Home Depot has asked a federal court to dismiss a class-action lawsuit because a 2014 data breach exposed customer information that “could not have occurred were it not for the banks’ own lack of security measures,” according to court documents.
Multiple banks have sued Home Depot over financial losses due to the breach, which compromised payment card information from 56 million Home Depot customers.
“…the Banks seek to recover alleged fraud losses incurred by cardholders that could not have occurred were it not for the Banks’ own lack of security measures, which resulted in information not stolen from Home Depot being made available to third party criminals (such as PIN numbers),” Home Depot says in a recent court filing.
Home Depot’s request for case dismissal is the company’s second attempt to get the Atlanta federal court to halt the lawsuit, according to the Atlanta Business Chronicle.
“For their part, the banks in August told the court that their lawsuit against Home Depot should go forward because they ‘suffered concrete injuries, traceable to Home Depot,’” the newspaper reports.

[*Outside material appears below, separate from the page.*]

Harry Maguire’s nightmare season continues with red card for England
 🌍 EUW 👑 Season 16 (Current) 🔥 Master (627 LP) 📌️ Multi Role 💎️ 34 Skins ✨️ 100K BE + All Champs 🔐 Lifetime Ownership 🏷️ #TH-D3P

The court has divided bank lawsuits from consumer suits in a case that includes more than 50 lawsuits filed against Home Depot in the U.S. and Canada. The company noted in an August report that it has dealt with net expenses of $132 million related to the breach.
“These expenses include costs to investigate the Data Breach; provide identity protection services, including credit monitoring, to impacted customers; increase call center staffing; and pay legal and other professional services, all of which were expensed as incurred,” Home Depot’s report says.